▸ Recorded data:

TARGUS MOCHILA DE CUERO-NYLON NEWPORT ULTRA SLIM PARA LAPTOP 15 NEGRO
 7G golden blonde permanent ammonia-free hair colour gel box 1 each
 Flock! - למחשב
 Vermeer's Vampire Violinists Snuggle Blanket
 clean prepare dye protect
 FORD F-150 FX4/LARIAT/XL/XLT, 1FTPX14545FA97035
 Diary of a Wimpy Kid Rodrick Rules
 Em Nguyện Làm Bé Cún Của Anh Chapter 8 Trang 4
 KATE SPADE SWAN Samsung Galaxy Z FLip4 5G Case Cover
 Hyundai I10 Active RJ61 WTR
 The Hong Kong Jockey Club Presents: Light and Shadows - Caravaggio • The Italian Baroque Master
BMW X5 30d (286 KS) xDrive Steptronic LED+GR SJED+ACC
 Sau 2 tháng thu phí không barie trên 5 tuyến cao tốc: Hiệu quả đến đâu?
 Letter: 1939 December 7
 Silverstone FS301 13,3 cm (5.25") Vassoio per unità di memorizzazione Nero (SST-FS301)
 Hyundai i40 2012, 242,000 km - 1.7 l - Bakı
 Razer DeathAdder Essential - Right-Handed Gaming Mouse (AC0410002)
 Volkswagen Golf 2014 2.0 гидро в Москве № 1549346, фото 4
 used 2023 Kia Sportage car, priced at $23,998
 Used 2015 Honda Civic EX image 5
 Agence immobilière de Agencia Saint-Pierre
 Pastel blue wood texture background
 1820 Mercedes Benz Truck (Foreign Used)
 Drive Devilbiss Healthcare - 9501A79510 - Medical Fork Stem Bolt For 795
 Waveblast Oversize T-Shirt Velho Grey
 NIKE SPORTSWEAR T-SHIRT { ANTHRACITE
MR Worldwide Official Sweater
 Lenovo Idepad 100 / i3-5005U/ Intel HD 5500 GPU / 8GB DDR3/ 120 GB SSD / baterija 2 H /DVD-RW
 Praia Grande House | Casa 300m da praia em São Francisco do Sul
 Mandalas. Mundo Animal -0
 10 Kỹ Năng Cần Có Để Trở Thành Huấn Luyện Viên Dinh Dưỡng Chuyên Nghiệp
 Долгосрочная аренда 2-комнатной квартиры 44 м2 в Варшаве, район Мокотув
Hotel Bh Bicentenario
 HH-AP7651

▸ Task requirements:
Give back all of the data exactly, with every line intact.

▸ Result of this task:
TARGUS MOCHILA DE CUERO-NYLON NEWPORT ULTRA SLIM PARA LAPTOP 15 NEGRO
 7G golden blonde permanent ammonia-free hair colour gel box 1 each
 Flock! - למחשב
 Vermeer's Vampire Violinists Snuggle Blanket
 clean prepare dye protect
 FORD F-150 FX4/LARIAT/XL/XLT, 1FTPX14545FA97035
 Diary of a Wimpy Kid Rodrick Rules
 Em Nguyện Làm Bé Cún Của Anh Chapter 8 Trang 4
 KATE SPADE SWAN Samsung Galaxy Z FLip4 5G Case Cover
 Hyundai I10 Active RJ61 WTR
 The Hong Kong Jockey Club Presents: Light and Shadows - Caravaggio • The Italian Baroque Master
BMW X5 30d (286 KS) xDrive Steptronic LED+GR SJED+ACC
 Sau 2 tháng thu phí không barie trên 5 tuyến cao tốc: Hiệu quả đến đâu?
 Letter: 1939 December 7
 Silverstone FS301 13,3 cm (5.25") Vassoio per unità di memorizzazione Nero (SST-FS301)
 Hyundai i40 2012, 242,000 km - 1.7 l - Bakı
 Razer DeathAdder Essential - Right-Handed Gaming Mouse (AC0410002)
 Volkswagen Golf 2014 2.0 гидро в Москве № 1549346, фото 4
 used 2023 Kia Sportage car, priced at $23,998
 Used 2015 Honda Civic EX image 5
 Agence immobilière de Agencia Saint-Pierre
 Pastel blue wood texture background
 1820 Mercedes Benz Truck (Foreign Used)
 Drive Devilbiss Healthcare - 9501A79510 - Medical Fork Stem Bolt For 795
 Waveblast Oversize T-Shirt Velho Grey
 NIKE SPORTSWEAR T-SHIRT { ANTHRACITE
MR Worldwide Official Sweater
 Lenovo Idepad 100 / i3-5005U/ Intel HD 5500 GPU / 8GB DDR3/ 120 GB SSD / baterija 2 H /DVD-RW
 Praia Grande House | Casa 300m da praia em São Francisco do Sul
 Mandalas. Mundo Animal -0
 10 Kỹ Năng Cần Có Để Trở Thành Huấn Luyện Viên Dinh Dưỡng Chuyên Nghiệp
 Долгосрочная аренда 2-комнатной квартиры 44 м2 в Варшаве, район Мокотув
Hotel Bh Bicentenario
 HH-AP7651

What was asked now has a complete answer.